The types of vegetables you would like to grow can often point you to the system you should start with. Some systems can handle larger plants better, and others need smaller plants. Think about the vegetables your family loves and what you buy the most at the grocery store.
This is probably where you should start. Hydroponic gardening can produce a very high yield, so make sure you are producing things you want to eat. Also, think about vegetables that taste the best fresh-picked. Homegrown tomatoes are infinitely tastier than those in the supermarket. Root vegetables do not taste much different at the store, and they are not very practical for a hydroponic system anyway.
Shy away from plants that are space hogs. Zucchini, melons, squash, and corn like to spread out. They will take over everything. This is especially true if you are gardening indoors, on a deck, or in another small space. If you are going for it in the backyard or a greenhouse, feel free to support those vining plants, and let them grow to the ceiling.
Five plants do well in a hydroponic system. If you are new to hydroponic gardening, start with these plants. Once you get the hang of them, branch out and try some other options.
Get ready for some salad! Leafy greens are terrific things to grow in a hydroponic system. They have a shallow root system and the plants themselves do not get very tall. This means there is no need to support the plants. These plants are also very fast-growing, so you could walk over and grab some lettuce to add to a salad for dinner every day.
Consider staggering your plantings and varieties so that there is always lettuce ready to go. The growing time is about 30 days and the best pH is 6.0 to 7.0. There are many varieties to choose from that do very well, including Bibb, Romaine, Buttercrunch, Iceberg, and Boston.

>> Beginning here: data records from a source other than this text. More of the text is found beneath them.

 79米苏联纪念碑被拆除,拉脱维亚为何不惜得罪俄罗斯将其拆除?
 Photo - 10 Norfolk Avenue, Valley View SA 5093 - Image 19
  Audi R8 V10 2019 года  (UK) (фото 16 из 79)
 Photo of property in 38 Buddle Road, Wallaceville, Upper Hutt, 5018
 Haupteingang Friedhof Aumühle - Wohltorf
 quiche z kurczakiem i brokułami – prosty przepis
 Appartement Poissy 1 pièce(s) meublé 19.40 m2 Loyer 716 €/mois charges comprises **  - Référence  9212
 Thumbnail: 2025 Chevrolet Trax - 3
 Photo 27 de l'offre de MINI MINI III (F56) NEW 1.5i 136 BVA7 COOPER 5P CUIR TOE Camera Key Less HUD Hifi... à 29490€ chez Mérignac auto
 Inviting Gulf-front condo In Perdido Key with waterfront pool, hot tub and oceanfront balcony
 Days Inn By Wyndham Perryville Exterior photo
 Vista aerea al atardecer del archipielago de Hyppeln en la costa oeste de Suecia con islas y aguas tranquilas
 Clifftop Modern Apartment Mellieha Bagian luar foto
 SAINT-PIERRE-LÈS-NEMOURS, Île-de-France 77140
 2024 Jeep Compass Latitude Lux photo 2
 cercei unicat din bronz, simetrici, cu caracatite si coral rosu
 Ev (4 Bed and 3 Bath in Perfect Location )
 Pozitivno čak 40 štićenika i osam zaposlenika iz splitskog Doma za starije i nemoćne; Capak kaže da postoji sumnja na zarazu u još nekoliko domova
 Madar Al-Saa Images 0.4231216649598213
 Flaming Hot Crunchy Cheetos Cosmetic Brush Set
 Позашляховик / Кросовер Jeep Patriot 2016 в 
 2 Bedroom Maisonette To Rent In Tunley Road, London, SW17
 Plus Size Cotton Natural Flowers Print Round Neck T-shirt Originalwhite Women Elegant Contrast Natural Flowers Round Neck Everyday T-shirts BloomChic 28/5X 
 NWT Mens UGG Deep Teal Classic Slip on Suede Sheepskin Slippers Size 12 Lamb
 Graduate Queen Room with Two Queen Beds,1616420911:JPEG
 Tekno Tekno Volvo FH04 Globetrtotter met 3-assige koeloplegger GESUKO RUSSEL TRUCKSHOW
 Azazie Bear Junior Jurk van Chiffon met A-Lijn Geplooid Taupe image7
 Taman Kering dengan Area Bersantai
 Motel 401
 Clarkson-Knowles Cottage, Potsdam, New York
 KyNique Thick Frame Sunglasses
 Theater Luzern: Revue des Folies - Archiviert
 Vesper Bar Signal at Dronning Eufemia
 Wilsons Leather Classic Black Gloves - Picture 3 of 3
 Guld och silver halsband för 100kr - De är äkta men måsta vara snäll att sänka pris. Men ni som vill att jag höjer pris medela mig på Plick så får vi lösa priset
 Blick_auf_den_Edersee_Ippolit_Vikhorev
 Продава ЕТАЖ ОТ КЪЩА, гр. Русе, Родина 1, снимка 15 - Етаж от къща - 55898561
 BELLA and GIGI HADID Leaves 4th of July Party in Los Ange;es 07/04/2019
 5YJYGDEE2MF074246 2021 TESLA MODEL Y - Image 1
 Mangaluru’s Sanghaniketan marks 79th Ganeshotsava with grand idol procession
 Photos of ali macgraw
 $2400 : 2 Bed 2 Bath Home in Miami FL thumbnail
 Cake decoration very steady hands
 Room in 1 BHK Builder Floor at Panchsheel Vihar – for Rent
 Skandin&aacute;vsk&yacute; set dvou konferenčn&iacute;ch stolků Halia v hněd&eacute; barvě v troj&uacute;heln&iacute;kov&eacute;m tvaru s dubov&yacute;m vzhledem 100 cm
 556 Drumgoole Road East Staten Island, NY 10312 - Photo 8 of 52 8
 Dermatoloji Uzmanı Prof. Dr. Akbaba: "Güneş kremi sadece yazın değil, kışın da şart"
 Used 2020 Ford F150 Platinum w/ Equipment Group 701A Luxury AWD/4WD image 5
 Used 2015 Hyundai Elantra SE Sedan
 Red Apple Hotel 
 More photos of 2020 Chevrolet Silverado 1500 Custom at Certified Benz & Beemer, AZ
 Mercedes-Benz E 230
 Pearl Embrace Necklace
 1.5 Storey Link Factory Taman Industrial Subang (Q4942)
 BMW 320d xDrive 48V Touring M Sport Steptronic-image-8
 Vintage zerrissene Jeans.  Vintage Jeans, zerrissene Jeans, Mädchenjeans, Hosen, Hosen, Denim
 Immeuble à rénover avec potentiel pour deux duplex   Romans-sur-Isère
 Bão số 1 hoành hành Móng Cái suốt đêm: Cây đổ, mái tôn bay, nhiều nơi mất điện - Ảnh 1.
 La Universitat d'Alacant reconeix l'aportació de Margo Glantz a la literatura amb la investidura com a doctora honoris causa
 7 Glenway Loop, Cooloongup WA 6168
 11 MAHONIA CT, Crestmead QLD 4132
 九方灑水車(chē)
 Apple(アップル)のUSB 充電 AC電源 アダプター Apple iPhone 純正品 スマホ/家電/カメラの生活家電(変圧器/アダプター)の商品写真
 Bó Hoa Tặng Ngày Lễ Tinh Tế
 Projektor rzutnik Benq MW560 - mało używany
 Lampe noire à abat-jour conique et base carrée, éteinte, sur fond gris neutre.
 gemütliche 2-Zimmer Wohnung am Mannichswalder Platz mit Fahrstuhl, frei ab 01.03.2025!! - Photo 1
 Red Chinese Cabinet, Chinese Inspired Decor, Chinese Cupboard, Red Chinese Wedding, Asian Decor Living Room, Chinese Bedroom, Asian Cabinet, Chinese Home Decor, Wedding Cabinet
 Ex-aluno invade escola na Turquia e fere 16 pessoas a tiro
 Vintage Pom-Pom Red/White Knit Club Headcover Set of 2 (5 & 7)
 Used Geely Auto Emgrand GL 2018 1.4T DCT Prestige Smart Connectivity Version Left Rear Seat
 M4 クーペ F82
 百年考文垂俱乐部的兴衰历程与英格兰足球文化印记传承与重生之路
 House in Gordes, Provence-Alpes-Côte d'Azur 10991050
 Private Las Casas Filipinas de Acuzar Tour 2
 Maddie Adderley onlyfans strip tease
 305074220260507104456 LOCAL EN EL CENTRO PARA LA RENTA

Continue the salad trend with some spinach. This plant also grows very fast in a hydroponic system, especially one that keeps the nutrient solution highly oxygenated. Much less water will be used growing spinach in a hydroponic system rather than in the ground. It is also easy to start spinach as a seed and then move them into the system after sprouting. The growing time for spinach is about 40 days and the best pH is 6.0 to 7.5.
There are also many varieties of spinach, so try as many as you can. Munch on Red Cardinal, Savoy, Smooth Leafed, Regiment, Bloomsdale, Tyee, and Catalina. It is also possible to make the spinach taste sweeter by keeping grow temperatures low, between 65 degrees and 72 degrees.
Who doesn’t love strawberries? Fresh red strawberries in the summer are so juicy, sweet and delicious. However, strawberries from the grocery store in the winter are bland, hard, and go bad fast. Therefore, it is an amazing idea to grow strawberries year-round in a hydroponic garden. Strawberries grow well in larger quantities in an ebb and flow system. Smaller crops also do great with deep water culture or nutrient film systems.
Harvesting strawberries in the soil is also super tedious with all that bending over, but harvesting in a hydroponic is pretty easy. Grow time for strawberries is about 60 days, and the pH should be between 5.5 and 6.2. Never start with strawberry seeds, as these take years to be ready. Instead, buy cold-stored runners that are ready to go into your hydroponic system. There are many varieties of strawberries such as Tioga, Chandler, Red Gauntlet, Brighton, and Douglass.
Even though these plants can get quite large, they work very well in hydroponic systems. Just be sure to prune the plants at about 8 inches so they do not get too big for the system. Peppers do best in deep water culture or ebb and flow. The growing time for peppers is about 90 days and the best pH is 6.0 to 6.5.
Bell peppers do best when they get a lot of light. Place in a spot that gets prolonged sun if growing outside, or is sure to have a light on them for up to 18 hours if growing them inside. Just adjust the light as the plant grows, and always keeping them about 6 inches above the plant. A few varieties that you might want to try are Yolo Wonder, Ace, Vidi, or California Wonder.
Herbs are a great place to start when learning about hydroponics. They do well in pretty much any system. There are many varieties of herbs to try, so you can easily fill up all of your pots with different types. Many also say that herbs grown in a hydroponic system are much more flavorful and aromatic than those grown in the soil.
The grow time and pH vary by plant, so you will want to look those up once you have decided what to grow. There are many choices, such as watercress, basil, parsley, thyme, cilantro, mint, rosemary, dill, and oregano. If there are others you love cooking with, look them up and find the details for growing them. One tip for growing herbs in a hydroponic system is to flush the growing medium once a week to get rid of nutrients that have not been absorbed by the plants.